In September 1999, the Company received $235,644
from a stockholder for working capital purposes.
This loan is non-interest bearing and has no
specific maturity date.
On February 18, 2000, the Company signed a letter
of intent to acquire the assets of
eAutoclaims.com, Inc. The letter of intent, which
is conditioned upon the negotiation and entering
of a definitive agreement, envisions that the
Company will spin off its existing business prior
to the acquisition.
04/27/00 F-8
<PAGE>
MANAGEMENT'S DISCUSSION AND ANALYSIS OF FINANCIAL CONDITION AND RESULTS OF
OPERATIONS
The following discussion and analysis should be read in conjunction with the
Company's second quarter ended unaudited financial statements and notes thereto
dated January 31, 2000 and 1999.
RESULTS OF OPERATIONS
The following is a discussion of the material change in results of operations
for the three-month periods ending January 31, 2000 and 1999.
NET LOSSES
For the quarters ended January 31, 2000 and 1999, the Company incurred net
losses of $0 and $485,434, respectively. For the six-month periods ended January
31, 2000 and 1999, the Company incurred net losses of $141,252 and $1,212,599,
respectively.

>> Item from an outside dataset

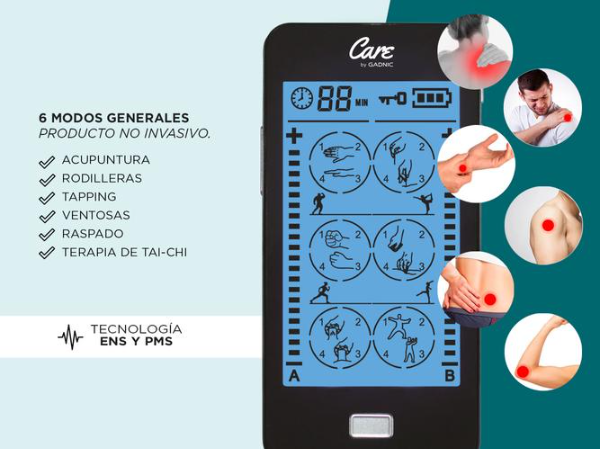 Miniatura de producto - 2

Explanations of these results are set forth below. The Company
expects to continue to incur operating losses until such time that the Company
is acquired.
REVENUE
For the quarter ended January 31, 2000 the Company recorded revenue of $0 as
compared to $326,399 for the quarter ended January 31, 1999. During the period
ended January 31, 2000, the Company had no revenue as it had ceased operations
in August 1999. For the six-month period ended January 31, 2000, the Company
recorded revenue of $0 as compared to $517,468 for the same period ended January
31, 1999. Conversion Services, the Company's core business accounted for $0 of
gross revenue for the three-month period ended January 31, 2000, as compared to
$158,045 for the same period in 1999. GroupWare accounted for $0 of gross
revenue for the three-month period ended January 31, 2000, as compared to
$81,099 for the same period in 1999. Year 2000 accounted for $0 of gross revenue
for the three-month period ended January 31, 2000 as compared to $61,602 for the
same period in 1998. Professional services accounted for $0 of gross revenue for
the three-month period ended January 31, 2000, as compared to $25,653 for the
same period in 1999.
EXPENSES
For the period ended January 31, 2000 and all comparative periods reported,
costs of software consulting, translation services, and development have been
combined and included in cost of sales in the accompanying statement of
operations. For the quarters ended January 31, 2000, and January 31, 1999, cost
of consulting services accounted for $0 and $37,768, respectively. For the
six-month periods ended January 31, 2000 and 1999, cost of consulting services
expenses were $0 and $54,160, respectively. During the period ended January 31,
2000, the Company had no cost of consulting services as it had ceased operations
in August 1999.
Cost of software transformation services accounted for $0 of total expenses for
the quarter ended January 31, 2000. Comparatively, the Company spent $139,314
for the same quarter ended January 31, 1999. For the six-month periods ended
January 31, 2000 and 1999, software transformation services were $0 and $290,747
respectively.
Software development accounted for $0 of total expenses for the quarter ended
January 31, 2000. Comparatively, the Company spent $45,134 for the same quarter
in 1999. For the six-month periods ended January 31, 2000 and 1999, software
development costs were $0 and $155,426, respectively.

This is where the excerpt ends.